As published in The Globe and Mail

There’s nothing that stifles competitive business more than bad regulation and policy uncertainty. The recently unveiled federal legislation, Bill C-56, saddles us with both.

Ottawa wants Canadians to think the bill will improve affordability for families by giving consumers more choice from more businesses, but that’s not its actual purpose nor what it will achieve. As Deputy Prime Minister Chrystia Freeland conceded, the legislation is actually a dramatic overhaul of Canada’s Competition Act. C-56 is a trojan horse: It will upend a legal regime that fostered all the globally competitive Canadian companies doing business today.

Among the changes in C-56 is empowering the minister of industry, if they are “of the opinion,” to direct the commissioner of competition to conduct an inquiry into the state of competition of a market or industry. This is the outright and overt politicization of the competition regime. Under the current law, such an inquiry is only initiated by the commissioner if certain anti-competitive behaviours are suspected.

Companies operating in Canada, or thinking of coming here, will be justifiably concerned about how those new powers will be exercised in light of recent events. This summer, the Competition Tribunal ordered the Commissioner of Competition to pay Canadian telecom companies more than $12.9-million in legal fees and disbursements because of its “unreasonable behaviour” and “unnecessarily contentious approach.”

It’s also hard not to think the government is acting in bad faith, a charge not made lightly. Officials had for months promised any modernization of the Competition Act would only be done after comprehensive consultations with all impacted stakeholders. In the end, the amendments came as an ambush. As for the consultations? The “final” report was hastily published online at 9:30 p.m. ET the night before C-56 was tabled.

Forcing through sudden changes to the Competition Act without adequate consultation or ample parliamentary debate risks not only weakening competition between Canadian companies here at home but also hampering Canadian companies competing around the world.

Worse still, few companies, foreign or domestic, will seek to make significant investments in a country that changes its corporate laws so capriciously. If the goal is to attract new entrants into the Canadian market, it’s difficult to conceive of a worse way for us to achieve it.
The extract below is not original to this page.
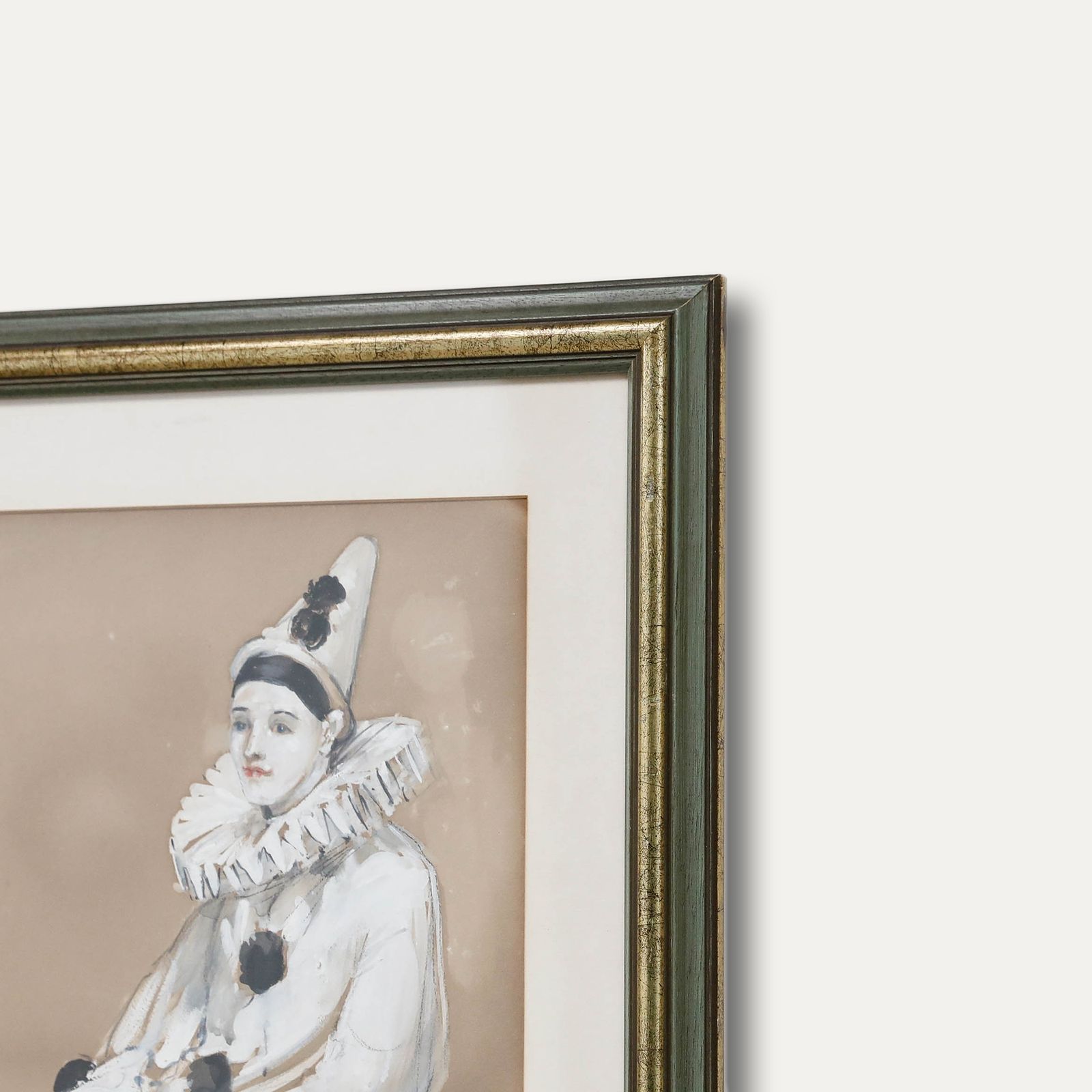 Katharine Montagu Wyatt Framed 20th Century Gouache, Portrait Of Pierrot photo 225.0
There will be less choice for consumers, contrary to the legislation’s goal.

If the government is truly serious about lowering prices for Canadian families, as it should be, there are many things it can do in a good-faith partnership with businesses. It could unilaterally lower import tariffs on certain goods, for example, or eliminate once and for all the interprovincial trade barriers which add unnecessary costs to the prices Canadians pay.

Canada is not alone in resisting regulatory risk. When the U.S. Chamber of Commerce chief executive officer, Suzanne Clark, visited Ottawa earlier this year, she shared the results of a recent groundbreaking study. The chamber reviewed the public disclosures of risk filed by the S&P 500 over the course of the past decade and found that almost all categories of risks identified had remained relatively flat. There was one exception: Public-policy risk had increased by more than 27 per cent from 2011 to 2021.

To be clear, as Ms. Clark affirmed, “business isn’t anti-regulatory, but we need them to be smart, and we need them to be effective, and we need them to be efficient – it is the only way our countries, our companies, together, are going to be able to deal with the emerging issues.”

This prescient warning must be heeded in the context of Canada’s current affordability crisis and the government’s introduction of Bill C-56.